Those who are lobbying for a national holiday are not asking for a paid day off. They are asking for a commemorative day, like Flag Day on June 14 or Patriot Day on Sept. 11. All that would take is a presidential proclamation. Both the U.S. House and Senate have endorsed the idea.
Why is a national celebration for an event that occurred in Galveston and originally affected only those in a single state such a good idea?
Because Juneteenth has become a symbol of the end of slavery. No matter how much we may regret the tragedy of slavery and wish it weren’t a part of this nation’s story, it is. Denying the truth about the past is always unwise.
For those who don’t know, Juneteenth started in Galveston. On Jan. 1, 1863, the Emancipation Proclamation was issued. But the order was meaningless until it could be enforced. It wasn’t until June 19, 1865 — after the Confederacy had been defeated and Union troops landed in Galveston — that the slaves in Texas were told they were free.
People all across the country get this story. That’s why Juneteenth celebrations have been growing all across the country. The celebration started in Galveston. But its significance has come to be understood far, far beyond the island, and far beyond Texas.

This is exactly right. Juneteenth is not just of relevance to African Americans or Texans, but for all who ascribe to the values of liberty and civic participation in this country. A victory for civil rights for any group is a victory for us all, and there is none bigger in this nation’s history than that transformation represented by Juneteenth.

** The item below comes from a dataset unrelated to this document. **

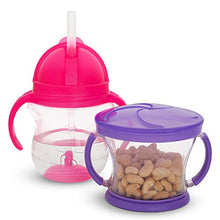 Load image into Gallery viewer, Munchkin Happy Snacker Snack Catcher & Sippy Cup Set, 4 Pack, Pink/Purple/Orange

But as widespread as Juneteenth celebrations have become — I was pleased and surprised, some years ago, to see Juneteenth celebration flyers pasted up in Minnesota — there’s an awful lot of confusion and misinformation about the specific events here, in Galveston, in June 1865 that gave birth to the holiday. The best published account of the period appears in Edward T. Cotham’s Battle on the Bay: The Civil War Struggle for Galveston, from which much of what follows is abstracted.

The United States Customs House, Galveston.

On June 5, Captain B. F. Sands entered Galveston harbor with the Union naval vessels Cornubia and Preston. Sands went ashore with a detachment and raised the United States flag over the federal customs house for about half an hour. Sands made a few comments to the largely silent crowd, saying that he saw this event as the closing chapter of the rebellion, and assuring the local citizens that he had only worn a sidearm that day as a gesture of respect for the mayor of the city.

The 1857 Ostermann Building, site of General Granger’s headquarters, at the southwest corner of 22nd Street and Strand. Image via Galveston Historical Foundation.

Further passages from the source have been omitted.